Return only the lines of the data below from the line with "1804 Maplecrest Dr, Madison, WI" up to and including the line with "Productafbeelding 4 van 9", exactly as written, with the pictures omitted.

[Data]

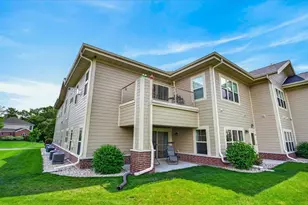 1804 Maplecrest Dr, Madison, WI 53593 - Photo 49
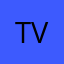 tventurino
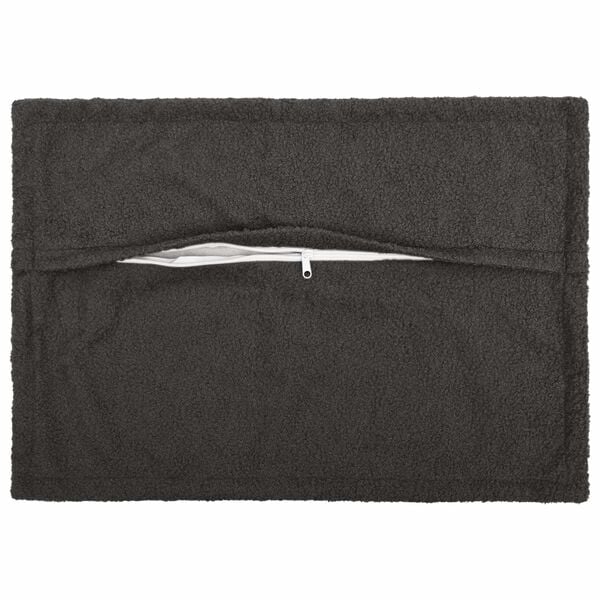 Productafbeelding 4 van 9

[/Data]
[Data]

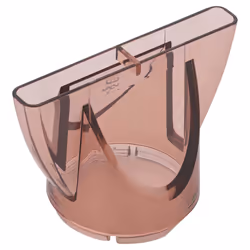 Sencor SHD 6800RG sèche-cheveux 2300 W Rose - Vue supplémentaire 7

[/Data]

*Task result*:
 1804 Maplecrest Dr, Madison, WI 53593 - Photo 49
 tventurino
 Productafbeelding 4 van 9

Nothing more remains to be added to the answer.